En nuestro caso los molinos que se encuentran en Alpujata, a pesar de tener el calificativo de “moriscos”, no pertenecen a esa época, el siglo XVI, sino a fechas muy posteriores. Dos de ellos aparecen por primera vez recogidos en un documento de finales del siglo XVIII y no en otras importantes fuentes escritas como el Libro de Apeo o el Catastro de Ensenada. El tercero no aparece en ninguna fuente documental. Tampoco se menciona ninguno de ellos en el Diccionario de Pascual Madoz, a mediados del siglo XIX, por lo que hemos de suponer que, posiblemente, ya no estuvieran en funcionamiento para esas fechas o no un hubiesen sido recogidos en este documento. 


 En esta imagen podemos ver uno de los molinos en un estado bastante ruinoso, en primer plano observamos sus cárcavos.
(Imagen: Diego Sánchez).

Estos molinos forman parte de un paisaje muy diverso donde la exuberante y selvática vegetación del arroyo de Alpujata, con sus helechos, moreras, enredaderas, adelfas,… contrasta con el cuidado y lo ordenado de los cultivos de las tablas y terrazas de los callejones de Alpujata.
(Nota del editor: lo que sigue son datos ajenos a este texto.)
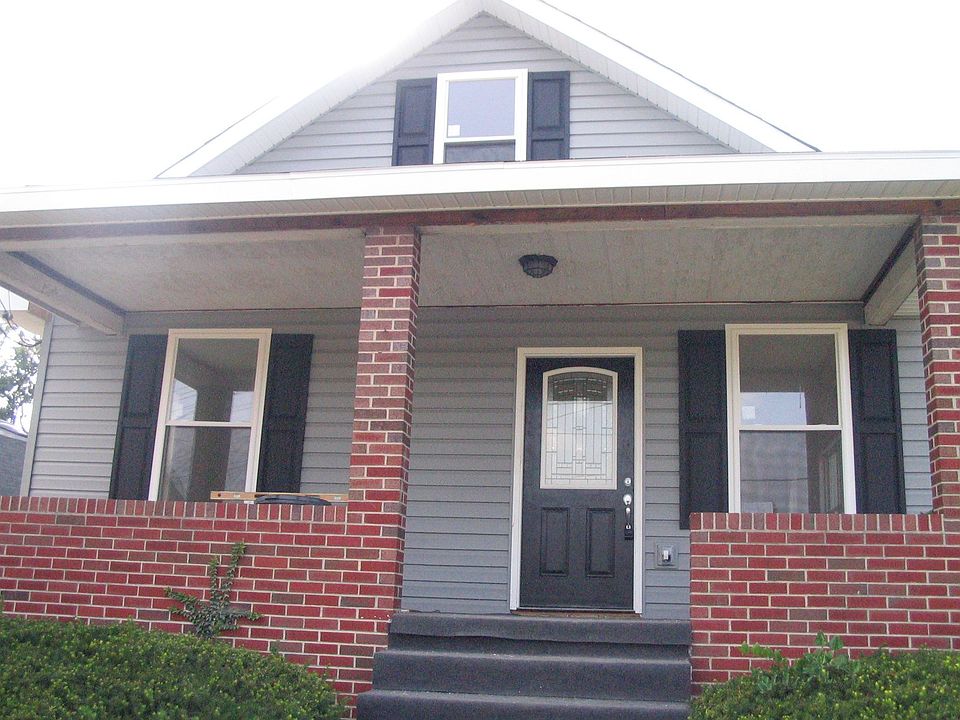 1st image of 104 Broadview Blvd N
A través de la acequia madre de Alpujata se puede realizar un bonito recorrido para conocerlos, pero es un tanto peligroso por lo que, si alguien se aventura, se recomienda que “gaste mucho cuidado” y que no se meta dentro de las estructura de los molinos ya que presentan cierta ruina y podría ser un tanto arriesgado. 


Imagen de otro de los molinos del arroyo de Alpujata. Como puede verse se conserva  algo mejor que el anterior, pero sigue siendo peligroso entrar dentro.
(Imagen: Diego Sánchez).

El que nuestros molinos “moriscos” no sean tan antiguos como se cree no les resta valor porque, entre otras cosas, para su construcción en fechas tan relativamente recientes siguen empleando una técnica más que sobradamente milenaria. Ello muestra que esa tecnología ha sido lo suficientemente buena y funcional para las sociedades rurales de hace mil años y de hace cien, incluso en algunos casos de hasta hace sesenta años, fechas en las que empezaron a ser desplazados por industrias harineras más modernas que los hicieron languidecer apagando el tremendo y gutural RUM-RUM de sus piedras cuando molían. Algunos ofrecieron una resistencia tenaz y numantina ante los nuevos aires de cambio y trataron de transformarse, de modernizarse, convirtiéndose en las popularmente denominadas “fábricas de luz” (no es el caso de ninguno de los nuestros) que, ante la escasa potencia que ofrecían, fueron apagando poco a poco la luz de su vida, quedando derruidos, olvidados o siendo aprovechados como almacenes de aperos.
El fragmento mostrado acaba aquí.